Yo no sé los suyos, pero mis recuerdos tienen vida propia y me visitan a discreción y sin pedir permiso. Por ejemplo, el día que estaba escribiendo el artículo sobre el inventario de árboles en el patio trasero de la casa de mi abuela se formó un revulú en mi cabeza que después no sabía cómo desenredarlo.

Ocurre que la casa de mi abuela, la de vía España, como les comenté, era un lugar maravilloso para los niños. Allí, todo nos parecía maravilloso, desde las copas de cristal de colores (ni sé si eran de cristal o no, pero me parecían finísimas) en que servían los helados hasta el escondite debajo de la falda del lavamanos del bañito de visitas que quedaba como debajo de la escalera magnífica o en sus alrededores. Hay detalles que no sé si son ciertos o producto de mi imaginación, pasando por la “bola de cristal” que se llenaba de agua y en la que se metía una flor que aumentaba de tamaño y belleza en aquel sencillo medio. Y, claro, cuando no tenía flor adentro, servía para predecir la buena o mala fortuna.

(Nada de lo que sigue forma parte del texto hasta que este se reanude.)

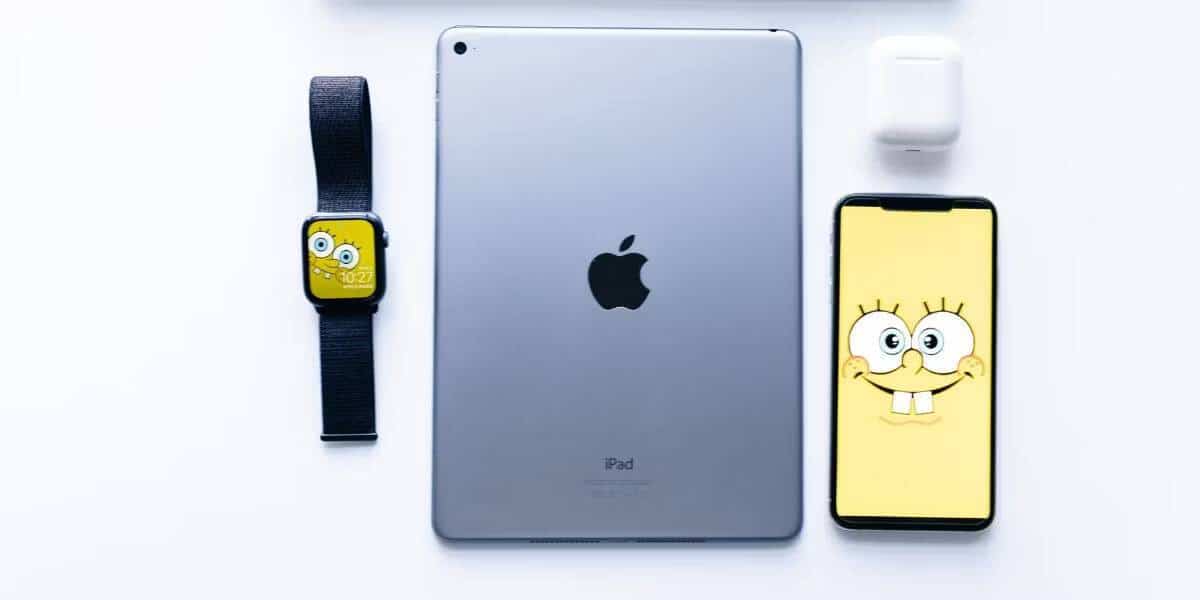 صورة لـ الأخطاء الشائعة التي يجب الانتباه إليها في رسائل البريد الإلكتروني الخاصة بالعمل | 1em05IAydSfEHH2I8FXTurg-DzTechs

Ahora que he aprendido que los espacios se encogen a medida que uno va creciendo, no estoy segura si la casa era grande, enorme o gigantesca, pero concluyo que eso no es lo importante, lo que vale es todo lo que ofrecía en términos de aventuras.

Y, andaba yo de lo más feliz deambulando por todos sus rincones, disfrutando del aroma del jazmín de la esquina cuando, sin preaviso alguno, me vi en El Valle de Antón. Debe ser porque las brisas del verano suelen dejarme por allá con frecuencia.

Una chácara, tres mandarinas, un boli y un paquete de galletas era lo único que se necesitaba para apoyar la subida a cualquiera de los cerros que protegen este maravilloso lugar, unos más escarpados que otros. Alguno con dificultad suficiente como para provocar algún accidente imprevisto que añadiera emoción al día, pero todos tentadores.

Aunque los días en El Valle eran intensos y discurrían entre los mencionados cerros, el Chorro de Las Mozas, los juegos de voleibol (que eran religión), los baños en represas con el fondo lleno de hojas limosas que, honestamente, me parecían y me siguen pareciendo asquerosas; la movilización a pie o en bici de un lugar a otro, las noches no eran menos interesantes. Sin importar la edad, siempre había una correteadera jugando ‘compañerito pío pío’ o se compartían cuentos de mucho miedo en las ramas de un árbol o en algún rancho bien oscurito e inexorablemente se recibía la visita de un búho con su canto que sonaba a Tulivieja cuando todo el mundo ya estaba con los pelos de punta.

De repente, regresé a mi Edificio El Dorado y a la calle sin salida en la que patinábamos y jugábamos tiquiball hasta que se nos pusieran los cachetes colorados y/o llegara el muchacho del barrio que nos hacía latir el corazón y se nos cruzaban los pies y los cables.

No es por nada, pero la vida era amable, muy amable. Nadie se aburría y no había espacio para ´necesitar´ más nada que no fuera lo que teníamos a diario: un buen rato de diversión sana, que por cierto era nuestra responsabilidad inventar.

Llegaron muchos recuerdos más, pero no me caben, así es que los iré compartiendo poco a poco. Si es que no se escapan.